Let $R$ be a set of points and $\mathbb{D}$ be a totally ordered field. Further consider a function $\rho:R\times R \rightarrow \mathbb{D}$.
$\langle R,\mathbb D,\rho\rangle$ is a metric space if $\rho$ has the following properties:
1) $\rho(x,y) \geqslant 0$
2) $\rho(x,y) = 0$ iff $x = y$
3) $\rho(x,y) = \rho(y,x)$
4) $\rho(x,z) \leqslant \rho(x,y) + \rho(y, z)$
Does this less restricted definition properly induce a topology on $R$ in the way expected by a standard metric and are there spaces which metrizable under this concept of metric that are not metrizable under the usual restriction?
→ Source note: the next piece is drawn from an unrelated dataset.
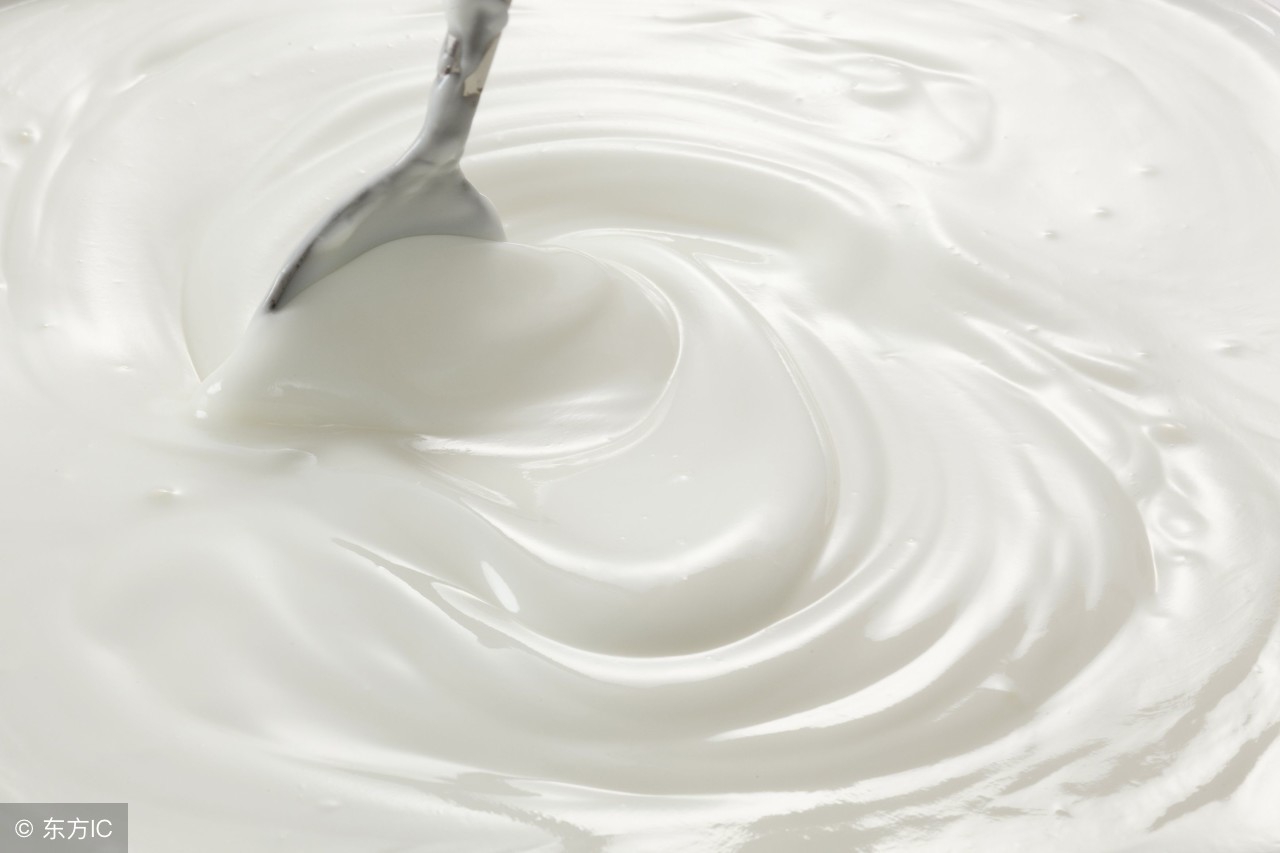 满脸痘痘和痘印不去医院怎么去除,满脸痘印怎么治学生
In general, these two concepts of metrisability are different. Consider an ultrapower $\mathbb{D}$ of $\mathbb{R}$ over a non-principal ultrafilter on $\mathbb{N}$. It is readily seen that $\mathbb{D}$ is non-archimedean: consider the element
$$[(1,2,3,4, \ldots )].$$
I claim that each basis of neighbourhoods of the origin induced from your non-standard metric is uncountable. If there were a countable basis of the origin, $\mathbb{D}$ would be archimedean. This proves that $\mathbb{D}$ with the corresponding topology is not first countable, hence non-metrisable.